The test process for each configuration involved 10 to 20 sequences of 1000 to 10000 steps each. On the whole, each
configuration has been tested for around 1 million test cases.
The Lutess tool was run over 1500 times. Experience ( A)
was smaller, but involved however a more important usage
of the tool, since the features under test were more complex.
Usability of the Tool
On such large-scale experiments, one benefits highly from
the tool’s user-friendliness. Running a test process, modifying the guiding, replaying a same test case with modified
oracles are all one-click commands. It is also possible to
modify the UUT and re-run the test process without having
to generate again the BDD associated with the environment.
This option allows to save large amounts of time when debugging.
Time was a critical ressource for experience ( B ): the contest
was conducted in two phases, a first one long enough to have
experimentors adjust the framework and tune the methods,
and a second one short enough to assess the tool efficiency.

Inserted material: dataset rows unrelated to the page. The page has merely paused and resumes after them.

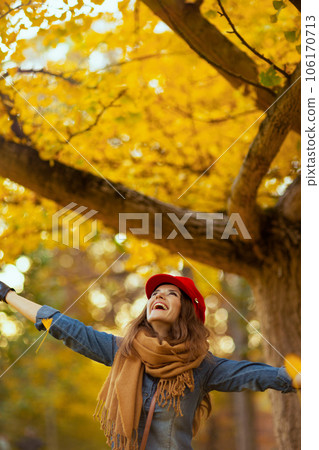 happy young woman in jeans shirt and red hat rejoicing happy young woman in jeans shirt and red hat rejoicing 106170713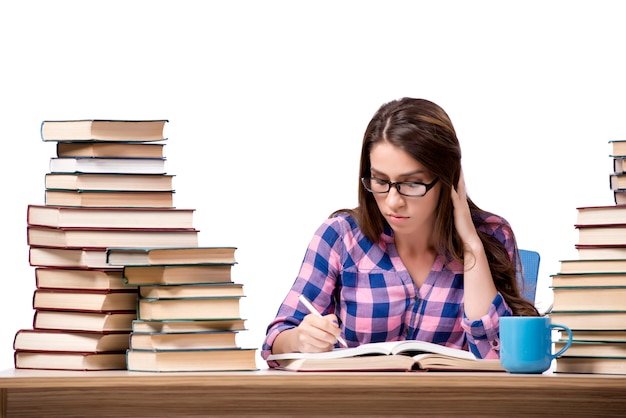 Young student preparing to the college exams isolated on white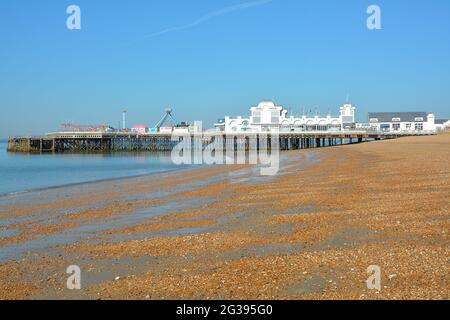 Early morning wide angle image of Portsmouth's South Parade Pier on the seafront at very low tide. Stock Photo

We successfully managed to complete this phase in the short
period of time allocated. This compels us to believe that our
tool was well adapted to the problem.
For test purpose, the subscription lists associating the users
and the features they can use, are inputs to the system. So,
one can test various configuration without having to recompile the UUT. However, some parameters cannot be modified
without recompiling, like the number of users or the priority
order set among the features.
From the tester’s perspective, the tool allows a significant
relief by automating the test. Building the oracle appeared
to be the most difficult part of the testing process. One has
first to master the temporal logic paradigm, then to find out
the better terms to express a given property. This requires an
adequate training and experience.
From the specifier’s point of view, Lutess has shown to be
very helpful to debug specifications. First, Lutess has been
used to validate the oracles: the oracle specifications are put
in place of the UUT and a human observation is substituted
for the Lutess oracle. Second, prior to the search for interactions, the service specifications to be tested have been validated using oracle properties. For instance, in the specifications, some possible transitions were missing in a diagram,
or an expected output message was never sent in a given situation. These problems were automatically exhibited as oracle violations.
Test Cost
Building the BDD structure corresponding to a given environment is the most time-consuming task of the mechanized
part of the testing process. It was always possible to perform this computation and to run the test on a Sparc Ultra-1
station with 128 MB of memory. Maximum virtual memory required amounts to 100 MB. Though, as the number of
constraints describing the environment increases, the BDD
complexity rises and its generation lasts longer. For the lessconstrained environments that we produced, 6 seconds on
CPU were necessary, while the most-constrained environments required 33 minutes for the corresponding BDD to be
generated. As a comparison, a 1000 step test run lasts 120
seconds5 , once the BDD has been generated.
Model Adequacy
The choice of a synchronous model turned out to be welladapted to the problems of feature validation and interaction
detection. This is due to the fact that a telephony system can
be viewed as a reactive system and can be easily designed
to satisfy the synchrony hypothesis. To that, one can for instance imagine a queueing mechanism for storing inputs that
arrive during the system computation. Moreover, deriving
the feature modeling from the specification was quite simple
and almost systematic in the case of experience (B ) where
Chisel diagrams were available; it induced no added cost to
the test.
The synchronous approach has led to concise validations,
thanks to the reduced number of states in the model. In other
words, all transitions are observable. The executable model
is of higher abstraction and avoids the state space explosion
problem. As a consequence, five execution steps are enough
to initiate a call, while two steps suffice to terminate a communication. In addition to that, the UUT can be compiled
into naive C code6 , instead of a structured and optimized automaton. This prevents state space explosion even further.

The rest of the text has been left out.